A player in epigenetic gene regulation, the histone demethylase KDM2A, is overexpressed in poor prognosis, non-small cell lung cancers (NSCLC), according to a recent study in the Journal of Clinical Investigation.

The revelation means KDM2A may be a druggable target. This is a potentially key development given that lung cancer is by far the leading cause of cancer death, killing more people than breast, prostate and colon cancers combined.

“A very interesting study,” says Philip Tsichlis, who is director of the Tufts University-New England Medical Center Cancer Center and was not involved with the study. “It makes a convincing case for the amplification and overexpression of KDM2A in NSCLC. Also, I found it interesting that the analysis of clinical samples confirmed that this pathway is not only active in NSCLC but that it also represents an independent unfavorable prognostic marker.”

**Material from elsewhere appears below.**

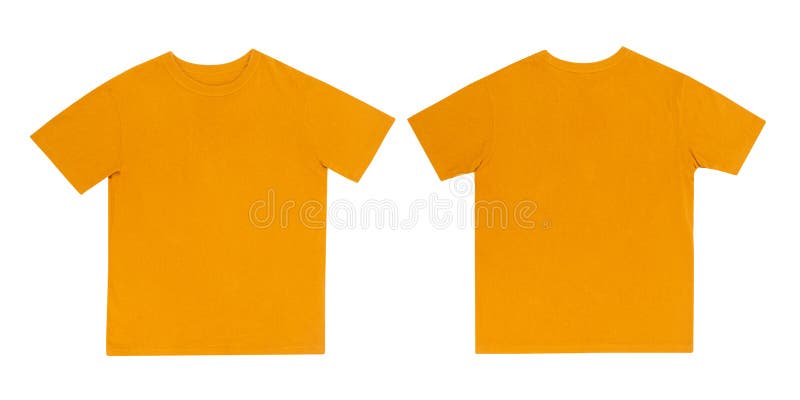 Yellow T-shirts Front and Back Use for Design Isolated on White ...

The group not only found that KDM2A is overexpressed in a subset of NSCLC, but that it is “indispensable for tumorigenicity and invasiveness of KDM2A overexpressing NSCLC cells,” wrote the authors. “Our mechanistic results indicate that KDM2A overexpression activates ERK1/2 (a common cancer pathway) by repressing DUSP3’s transcription. Thus, these findings provide insights into how the dysregulation of an epigenetic enzyme is coupled to kinase signaling in NSCLC and also reveal the clinical importance of KDM2A in NSCLC.”

Tsichlis, however, cautions: “Regarding the mechanistic experiments in the paper, I would like to point out that the rescue of cell proliferation” in cells where KDM2A and DUSP3 have been silenced “is rather poor despite the fact that ERK phosphorylation is essentially restored.” This suggests, says Tsichlis, “perhaps DUSP3 is not the only biologically relevant target of KDM2A.”

Furthermore, he says, the fact that no tumors were observed when KDM2A knockdown cells were injected via IV into mice, “may suggest that knocking down KDM2A depletes the culture of tumor initiating cells (cancer stem cells), a point not made by the authors. If this is the case, the mechanism has not been addressed in this paper.”

But in addition to providing lung cancer researchers with a new target, “in this paper there is a lot more information that confirms beyond doubt that the functional activities of KDM2A and (its sister histone demethylase) KDM2B significantly diverge,” says Tsichlis, who has extensively studied the role of histone demethylases in cancer.

He adds that KDM2B and KDM2A are also known as NDY1 and NDY2, or “Not Dead Yet” 1 and 2, as they are similar in their ability to immortalize mouse embryonic fibroblasts in culture.

Indeed, Tsichlis is soon submitting research that finds KDM2B plays a role in a different major cancer. “It would be interesting to find out by direct comparison where KDM2A and KDM2B do overlap.”

“The majority of NSCLC patients do not have well-defined drug targets,” the MD Anderson group wrote. “It is also challenging that most of NSCLC patients who receive targeted therapies (e.g., the EGFR inhibitor erlotinib) eventually acquire drug resistance. Therefore, the identification of new drug targets may provide better therapeutic options for NSCLC patients.”